I guess there's not much we can do, but unless I'm misreading time stamps,
it has been down for 8 hours. My understanding is that when it is
restarted, it doesn't go back so that's a quite a few potential violations
that will have to be caught by other means.

Phil

The bot appears to have stopped or stalled again, as there's been no new reports for 4.5 hours. Thank you.

Another stoppage - no new reports for 4.5 hours. Adding: activity resumed a few minutes ago.

We've had several stoppages in the last 24 hours:

  • From 21:27 on 12/6 to 01:16 on 12/7 - 4 hours 20 minutes.
  • The bot then appears to have almost immediately stopped again, filing a few reports and then stopping again at around 01:22. Activity resumed at 09:41. This outage was 8 hours and 20 minutes.
  • The bot again stopped, at 10:02, and appears to still be down (no reports for over 2 hours).

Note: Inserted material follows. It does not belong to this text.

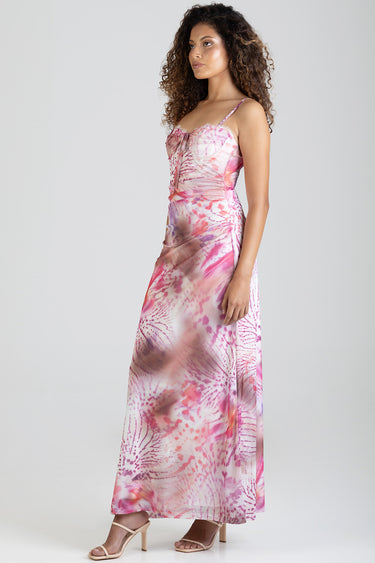TOGETHER FOREVER MAXI DRESS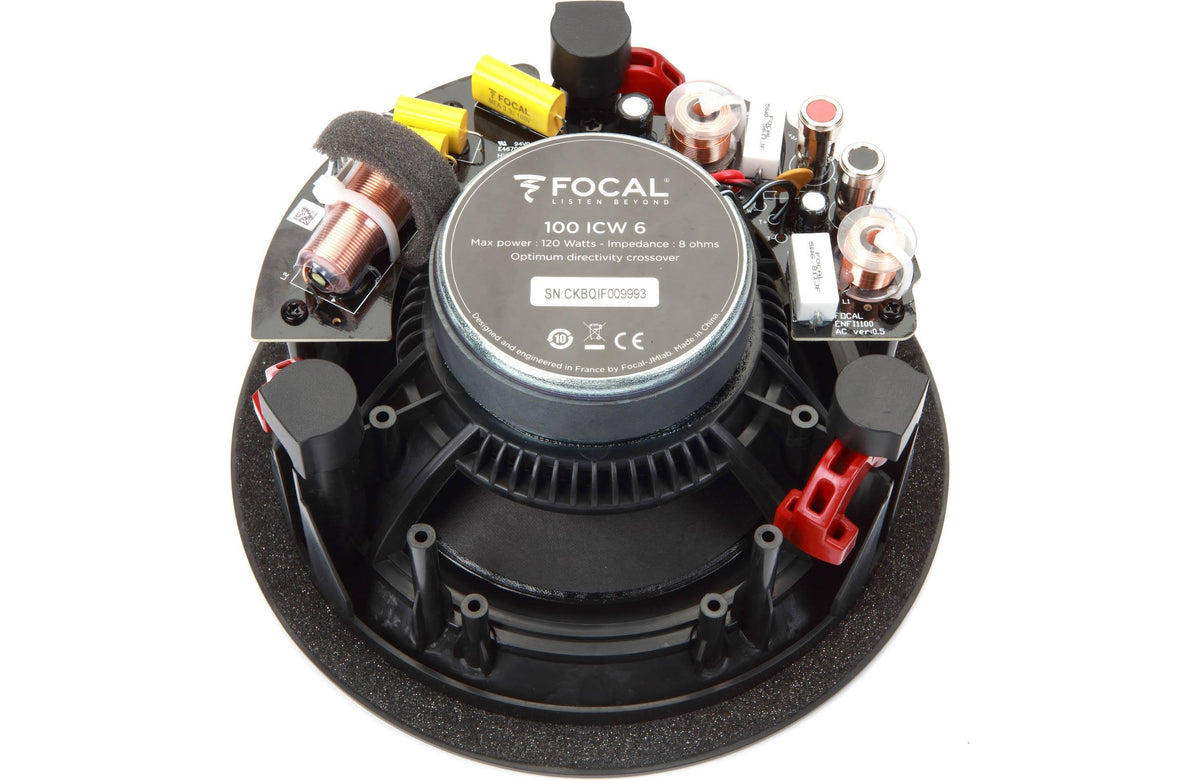 In-Wall/In-Ceiling 2-Way Coaxial Loudspeaker B971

The outage that started at 10:02 on the 7th ended up being nearly 11 hours long, as activity (other than one post) did not resume until 20:55. The bot only functioned for about another hour before it went down again for another 4 hours. It only posted 2 reports and then went down for another 8 hours. It posted reports for quite a while on December 8, from 09:20 until 21:38, when it went down for another 3 hours. I would appreciate it if the bot maintainers could have a look, as we're into the third day of erratic service. Thank you.

First off, sorry for the late reply. We have been swamped with conducting our annual Wishlist Survey.

I looked at the logs just now, and saw the buffer size was almost at 200 pages, so perhaps the same issue described at T256501#6585457 is to blame. I followed @eranroz's debugging tips at T256501#6590756. The last execution ID was 3780039 (enwiki.o3780039 to be exact). I did not find any mention of this anywhere in the enwiki.err file.

I'm afraid at this point I personally can't help much further. I am hoping Eran as the bot operator can take a closer look. My "solution" when this has happened in the past was to simply restart the bot. However I can confirm the bot has been auto-restarting every 4 hours as @eranroz reported at T256501#6590756, and it has been all this time. So my "fix" wasn't ever really a fix. Rather it was just a workaround that came at the cost of losing reports of N possible copyvios, depending how big the buffer was at that time. Though, it doesn't explain the 8+ hour outage that Dianna mentioned in T256501#6672880. The bot should have auto-restarted twice during that time, so maybe there's more at play here than just the buffer size becoming too large.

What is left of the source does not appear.